▶ **Goal of the exercise**: Your answer should be only the lines below from the one with "Neutral Leopard Print" to the one with "1 kpl pyöreä", repeated exactly, ends included.

▶ **Provided data**:

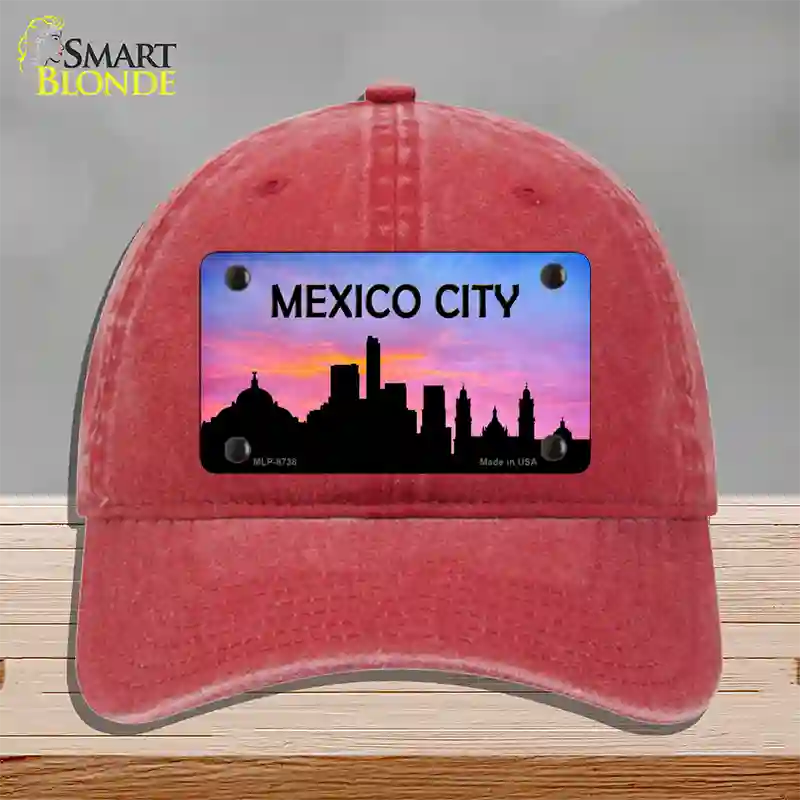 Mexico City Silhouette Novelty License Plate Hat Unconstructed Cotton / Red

...

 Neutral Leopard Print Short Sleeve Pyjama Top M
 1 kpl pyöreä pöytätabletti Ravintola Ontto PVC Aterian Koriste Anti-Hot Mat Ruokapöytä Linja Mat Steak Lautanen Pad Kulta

▶ **Exercise answer**:
 Neutral Leopard Print Short Sleeve Pyjama Top M
 1 kpl pyöreä pöytätabletti Ravintola Ontto PVC Aterian Koriste Anti-Hot Mat Ruokapöytä Linja Mat Steak Lautanen Pad Kulta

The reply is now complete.